The Social Benefit of Counter-Argument and the Proposed Solutions to Misinformation

Socrates Statue

Information:

Article: How to stop Fake News in its tracks: Plugins and social media integration
Author: Shane Greenup
Biographical: Founder of rbutr and dedicated to solving the problem of misinformation.
Publication Platform: blog.rbutr.com (9 November 2016)
http://blog.rbutr.com/2016/11/how-to-stop-fake-news-in-its-tracks-plugins-and-social-media-integration/

 

Information:

Article: What is The Socratic Web?
Author: Shane Greenup
Biographical: Founder of rbutr and dedicated to solving the problem of misinformation.
Publication Platform: Medium.com (21 November 2016)
https://medium.com/@Aegist/what-is-the-socratic-web-c6095c452c6

 

Information:

Video and Introduction Text: Fixing Fake News Without Truth or Trust
Presenter: Seb
Biographical: Video content presenter for the Disruptive Innovation Festival 2017.
Speaker: Shane Greenup
Biographical: Founder of rbutr and dedicated to solving the problem of misinformation.
Publication Platform: The Disruptive Innovation Festival 2017 (6th - 24th November 2017).
https://www.thinkdif.co/sessions/fixing-fake-news-without-truth-or-trust
Sub Link: https://youtu.be/IbIxYpt9fHM

 

Defining the Problem

Fake News, Misinformation, Click-bait, Media Bias, Belief vs Evidence, Propaganda, False Advertising, Misleading Claims, One Sided Stories, Unscientific Theories, False Beliefs, Trial by Media, Character Assassination, Defamation, Story Telling... This list goes on.

The human condition, has at its core, a mind that tries to interpret the world around it. A human being collects information through its senses, stores memory of its experiences, cross references between memory and current input, discerns patterns and builds what could loosely be defined as an understanding of the world around it. As amazing as that is, our understanding of the world is not at all perfect. We are only ever able to access a percentage of the information available on any one subject, out of the information that is available we are only ever able to give our attention to a percentage, our upbringing/training affects how we connect current input to memory in order to discern understanding and then we have the effect of a range of psychological phenomenon that can twist and distort our understanding. So what we have stored in mind is not necesarily a map of the world around us but instead an interpreted, subjectively-perceived story of that world.

As a rule, human beings are only very loosely connected to fact and it takes AN INTENTIONAL EFFORT to overcome this existential limitation in order to connect oneself more and more to an understanding of our shared, physically determinable reality. As we connect more and more through social media, we connect ourselves more and more to the words of others; this being an opportunity to grow through exposure to new ideas. But add in the phenomenon of misinformation and story telling and the task of sorting out fact from fiction can become ever more difficult for some.

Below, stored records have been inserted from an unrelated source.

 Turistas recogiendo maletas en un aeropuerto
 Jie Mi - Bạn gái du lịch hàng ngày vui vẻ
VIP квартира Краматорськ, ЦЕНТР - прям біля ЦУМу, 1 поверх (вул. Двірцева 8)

Story telling and misinformation is bad enough when it is done by accident; when it is a consequence of our inherent inability to discern fact from fiction; when people think that their stories of reality are reality. But when our fact-poor minds are exploited on purpose to have us support one political movement or another, to support one market or another, to buy one product or another or to pull our attention to one advertisement rich click-bait frenzy or another, the consequences can be huge swings of opinion based on a distorted truth that feed the power hungry and make undeserving individuals rich.

 

Further detailing the problem as a modern issue...

Extracted from the article: "How to stop Fake News in its tracks: Plugins and social media integration" by Shane Greenup.

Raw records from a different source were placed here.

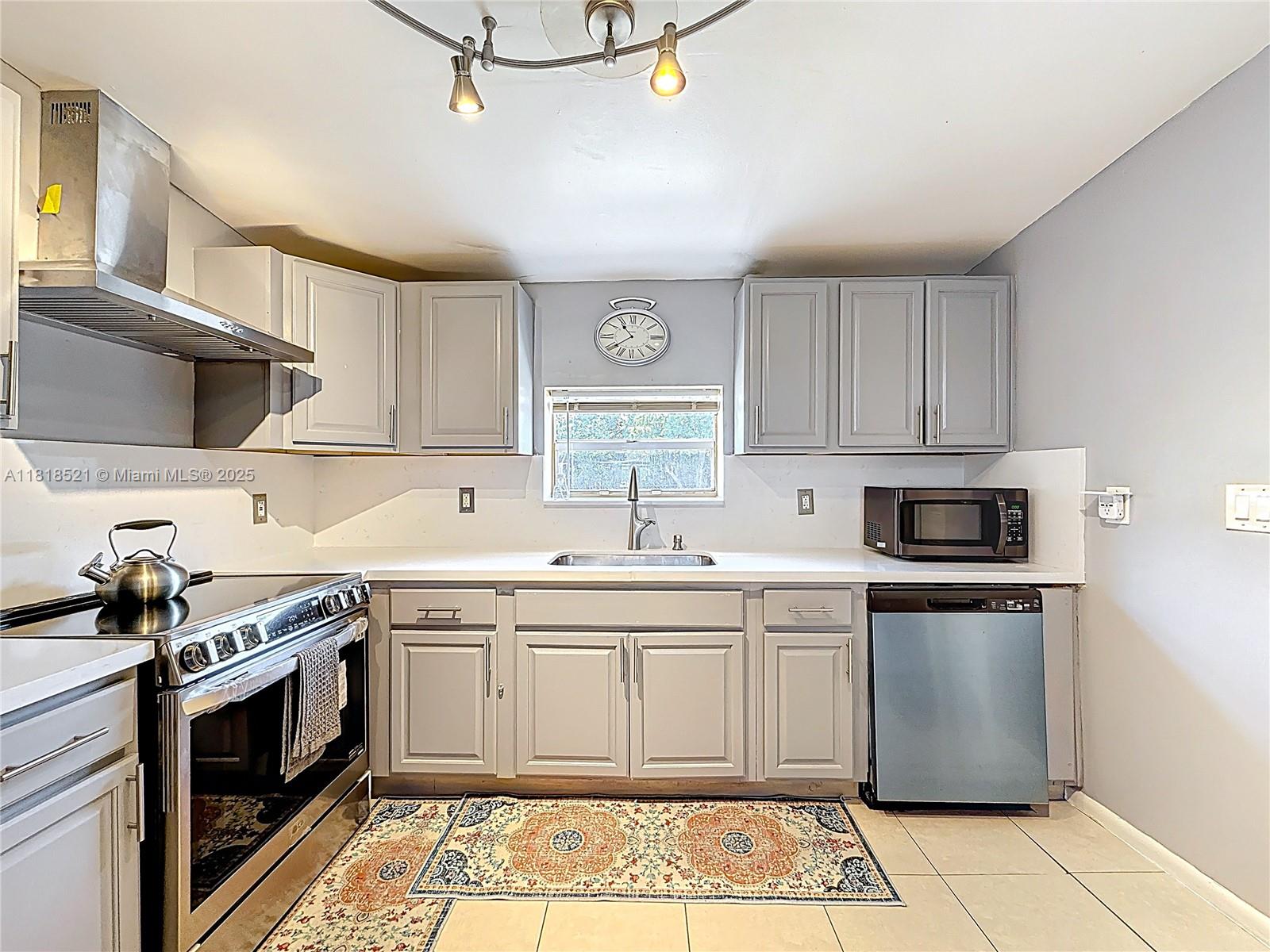 BREEZYWAY MANOR SECOND AD - Residential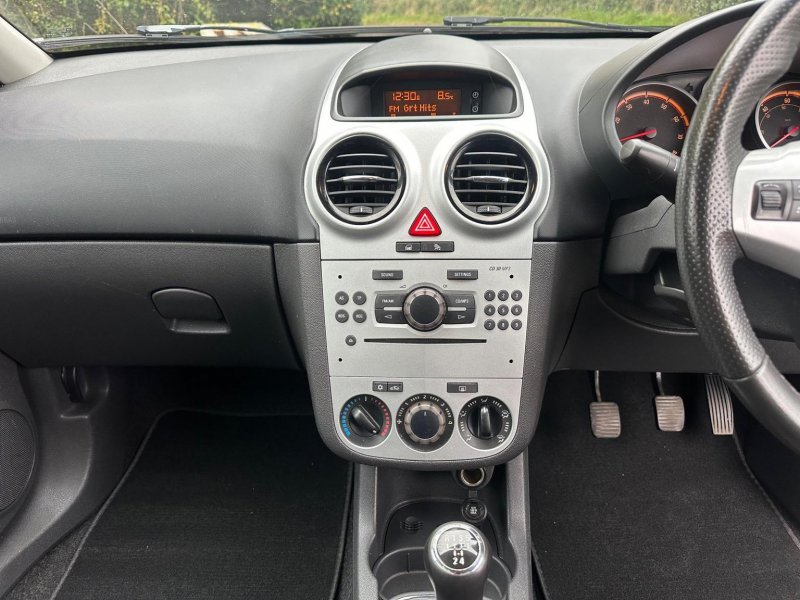 VAUXHALL CORSA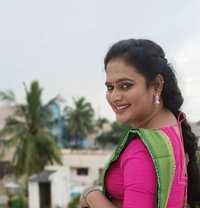 Meera Meera - Transsexual escort in Chennai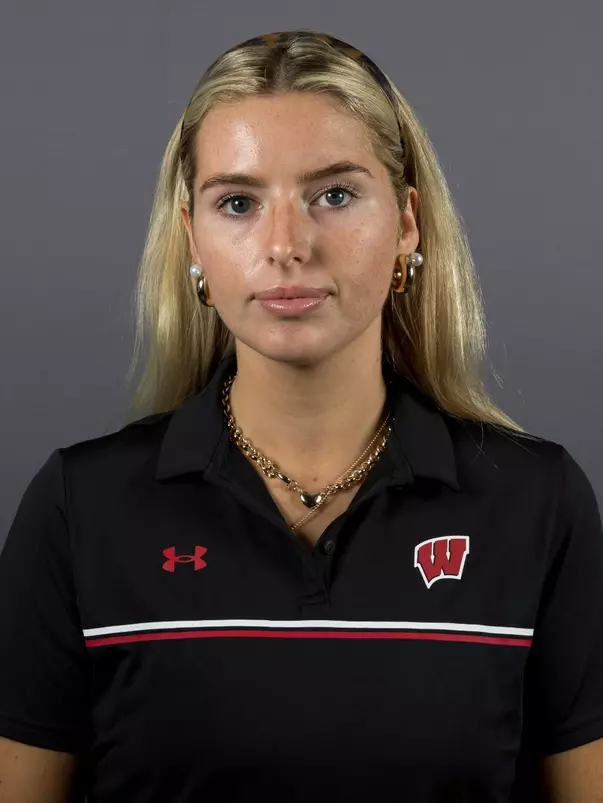 Amelia Mullins Headshot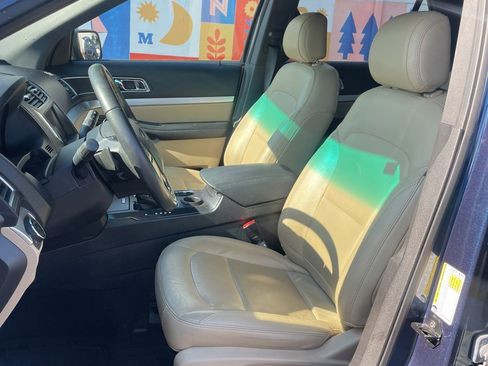 Used 2016 Ford Explorer XLT w/ Equipment Group 202A image 7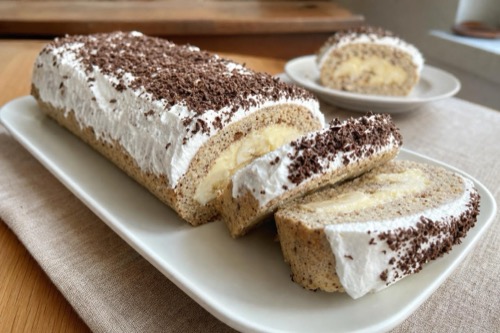 Banana split roláda s banánmi, pudingom a šľahačkou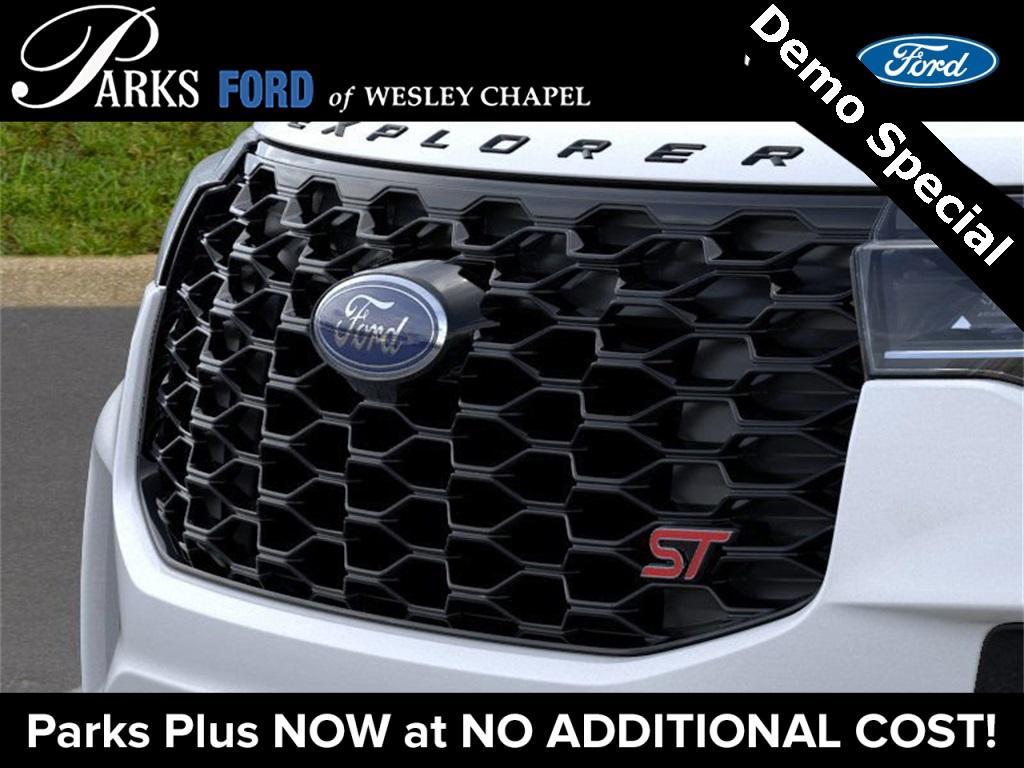 new 2025 Ford Explorer car, priced at $55,400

In case you missed it, Fake News is the topic of the month. On the tail of the biggest political upset of the century [Trump winning the USA Presidential election], Facebook and Twitter have come under fire for allowing fake news websites to spread without resistance across social media, often gaining much more attention than real news stories. Always gaining a lot more attention than the corrections which follow them.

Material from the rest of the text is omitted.